### Requirement
Reproduce the records that follow in full, excluding any picture they contain.

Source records
════════════════════

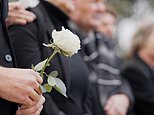 Tax hit on inherited pensions confirmed for 2027 and families will be landed with the red tape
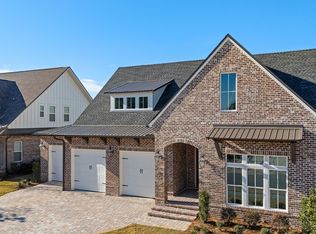 57 Revana Way, Freeport, FL 32439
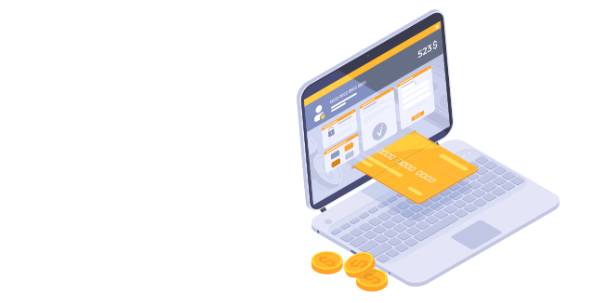 Bank And Finance ( Pt.6 )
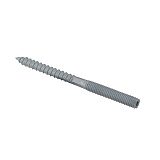 Винт-шуруп Walraven BIS Torx М10 х 120 мм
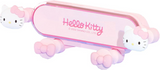 Hello Kitty Vent Clip Car Phone Mount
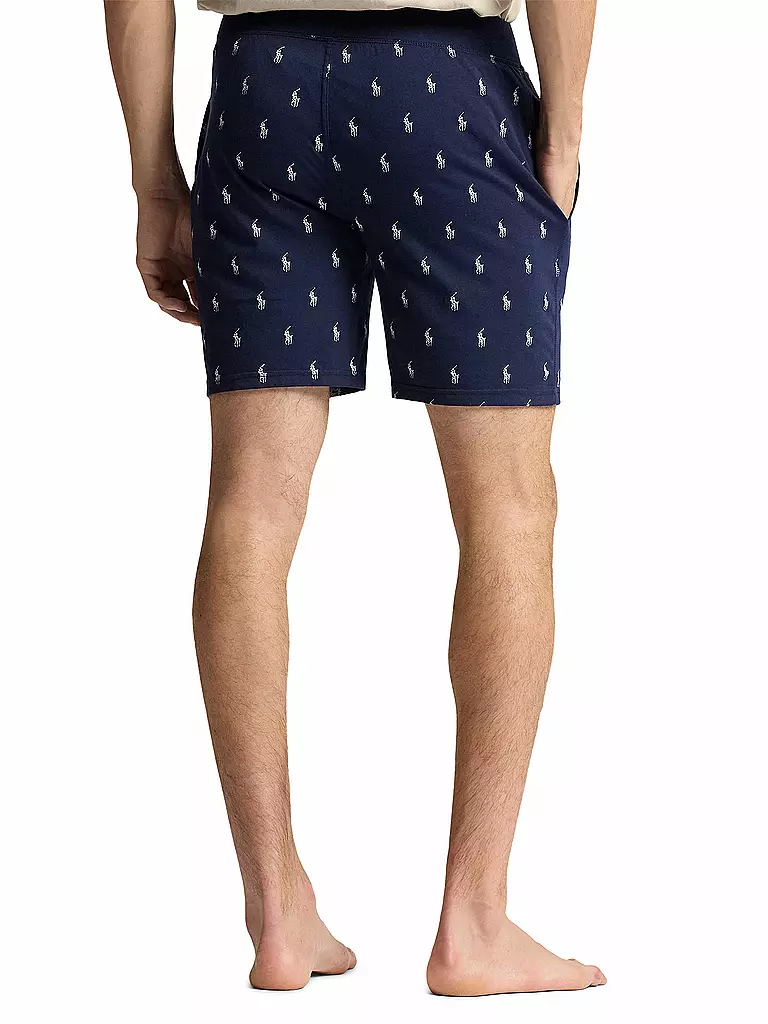 POLO RALPH LAUREN | Shorts Loungewear |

════════════════════

### Task output
 Tax hit on inherited pensions confirmed for 2027 and families will be landed with the red tape
 57 Revana Way, Freeport, FL 32439
 Bank And Finance ( Pt.6 )
 Винт-шуруп Walraven BIS Torx М10 х 120 мм
 Hello Kitty Vent Clip Car Phone Mount
 POLO RALPH LAUREN | Shorts Loungewear |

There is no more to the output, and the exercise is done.